Among the entries below, which lines run from the line with "Groene achtergrond en" through the line with "Welmeco 5 Stück"? Retype those, both ends included, exactly and without pictures.

**Short text fragments from websites**
++++++

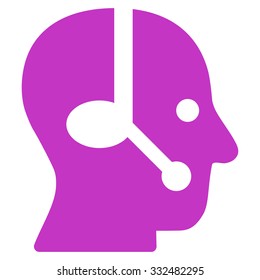 Operator vector icon. Style is flat symbol, violet color, rounded angles, white background.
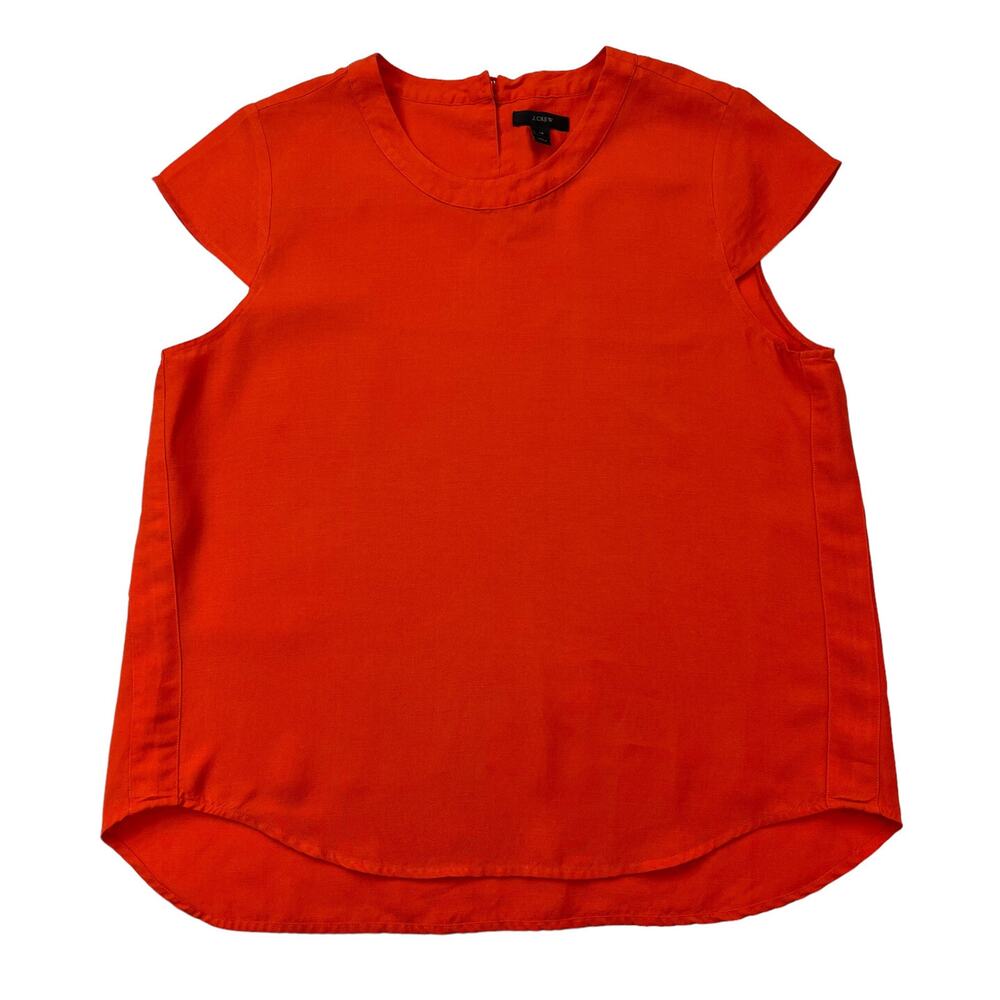 J. Crew Women's Size 14 Drapey Oxford Crepe Blouse Orange Cap Sleeve Style B8702 - Picture 16 of 16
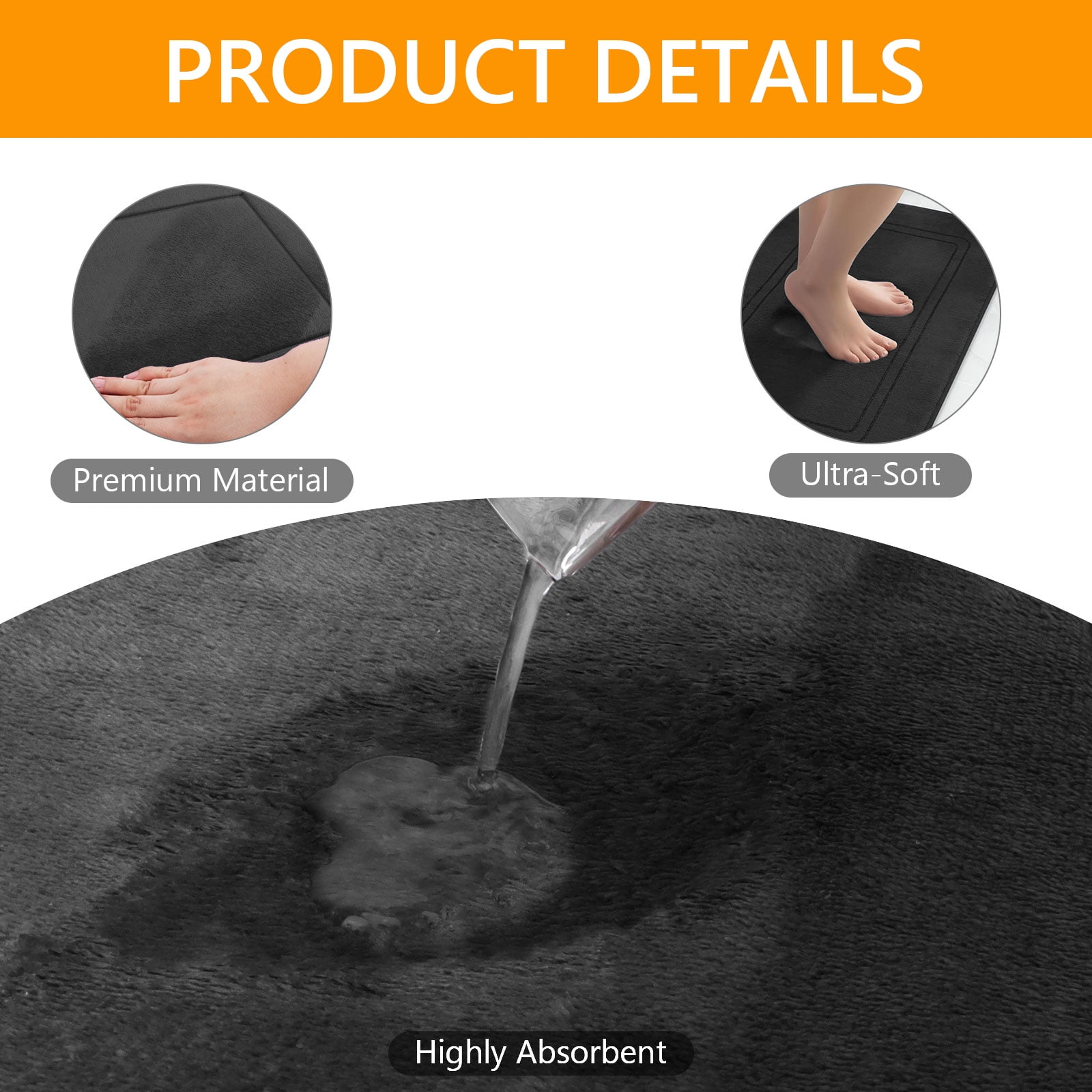 Tripumer 3 Pcs Black Memory Foam Bath Mat Set Bathroom Rugs Set U Shape Toilet Mats for Toilet Shower Sink
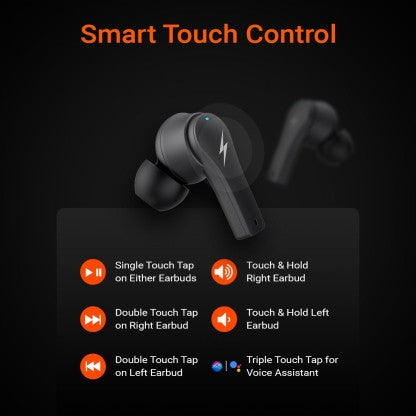 FIRE-BOLTT FIRE PODS NINJA PRO 403 EARBUDS TWS, ENC &AMP; GAMING, ULTRA CHARGE BLUETOOTH HEADSET  (BLACK, TRUE WIRELESS)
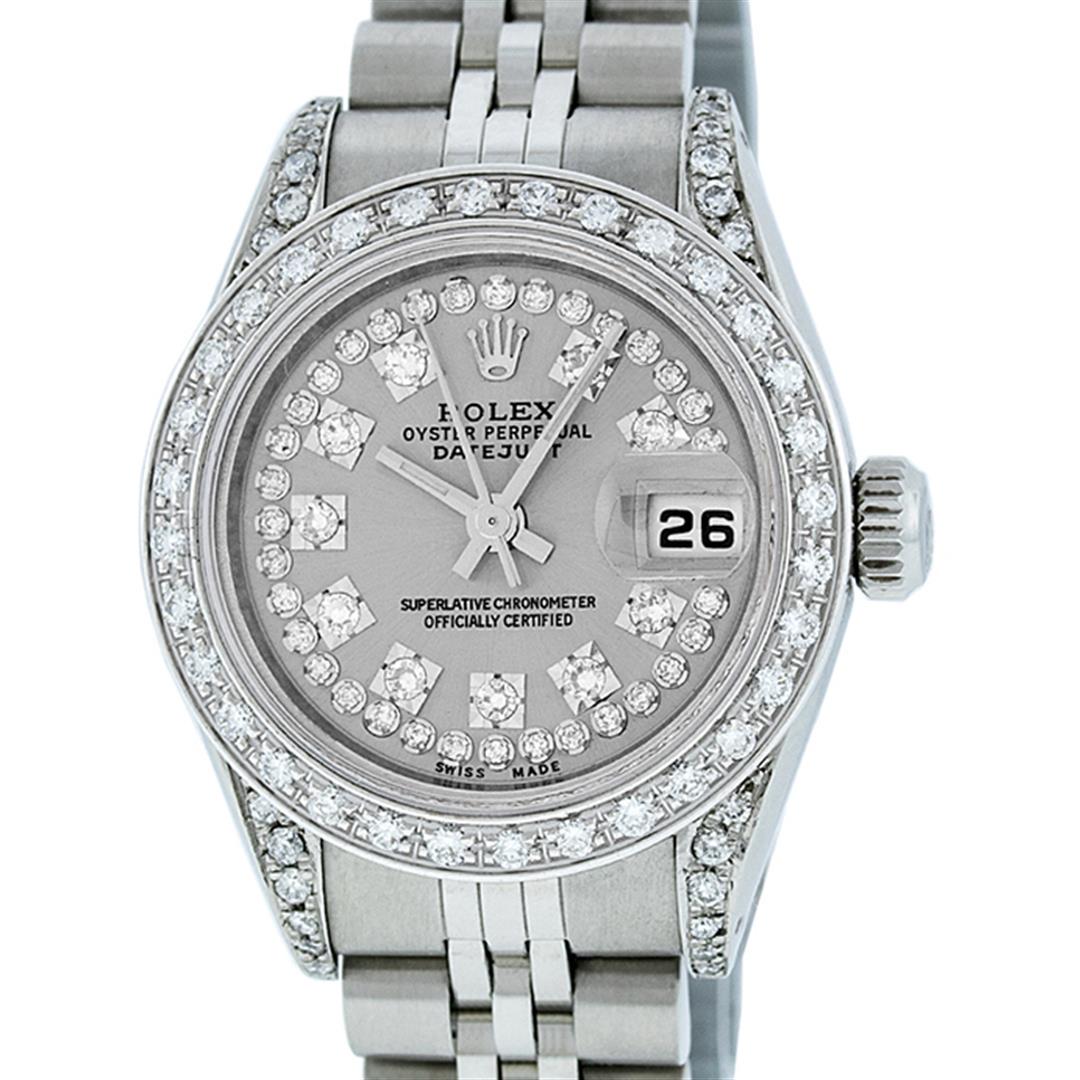 Rolex Ladies Stainless Steel 26MM Slate Grey String: One Ladies Stainless Steel Rolex Datejust Polished Bright with Satin Finish, Serviced & Electronically Tested, Stainless Steel Case: 26mm, Stainless Steel Crown, Custom Diamond Lugs: 24 Diamonds On Lu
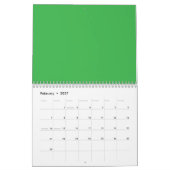 Groene achtergrond en witte rand voor een moderne  kalender (Feb 2027)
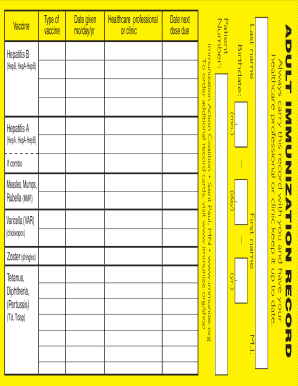 Adult Immunization Record  Form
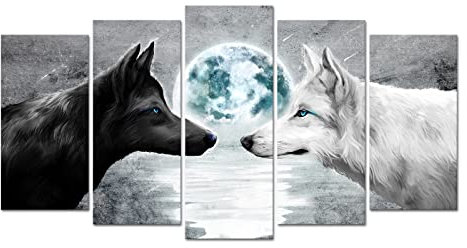 Welmeco 5 Stück Schwarz und Weiß Wölfe Malerei Grau Blau Vollmond Meereslandschaft Bild Leinwanddrucke Galerie verpackt Kunstwerk Tier Wolf Poster für Wohnzimmer Modern Büro Schlafzimmer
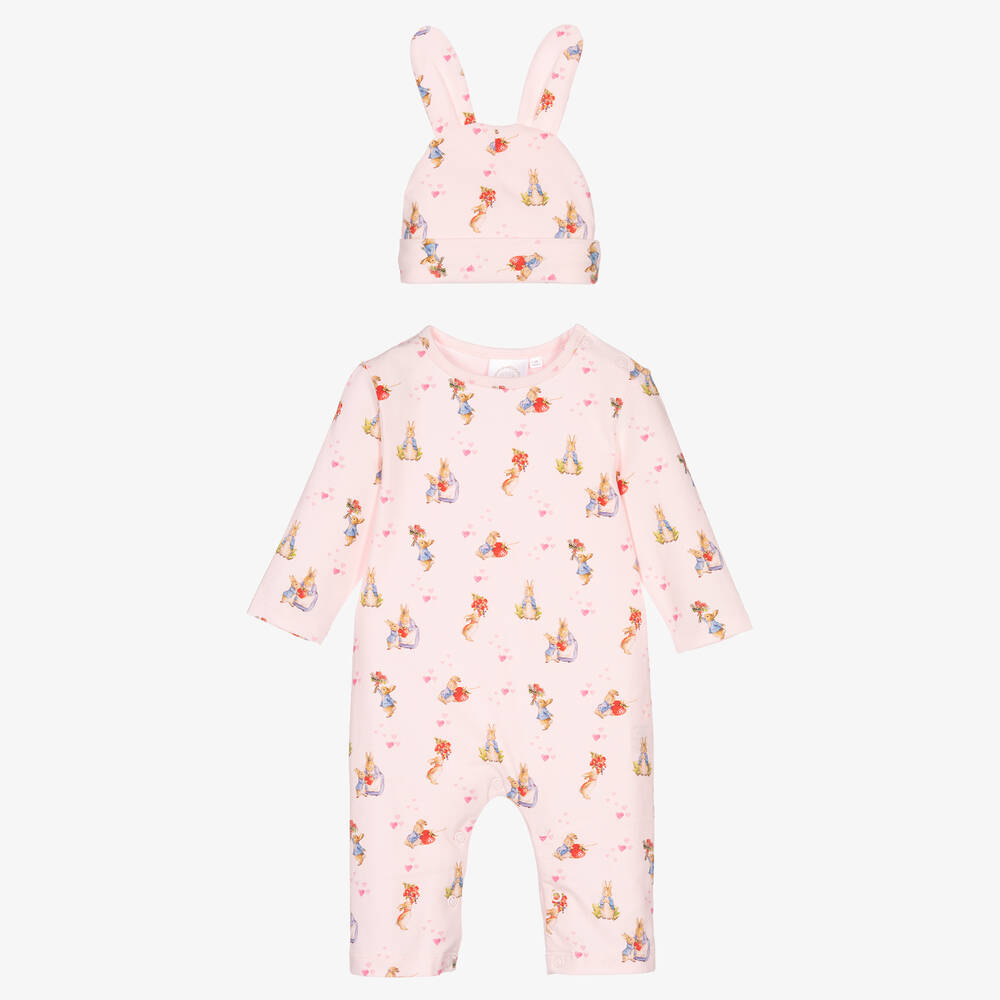 Peter Rabbit™ by Childrensalon-Baby Girls Pink Cotton Romper Suit Set | Childrensalon Outlet
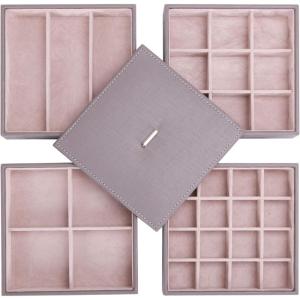 imageBEWISHOME Jewelry Organizer Tray Stackable Earring Storage Trays with Lid for Dresser and Drawer 32 Slots for Rings Earrings Necklaces Bracelets and Watches Set of 4 Black SSH81BJewelry tray with lidGrey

++++++

**Response box**
 Groene achtergrond en witte rand voor een moderne  kalender (Feb 2027)
 Adult Immunization Record  Form
 Welmeco 5 Stück Schwarz und Weiß Wölfe Malerei Grau Blau Vollmond Meereslandschaft Bild Leinwanddrucke Galerie verpackt Kunstwerk Tier Wolf Poster für Wohnzimmer Modern Büro Schlafzimmer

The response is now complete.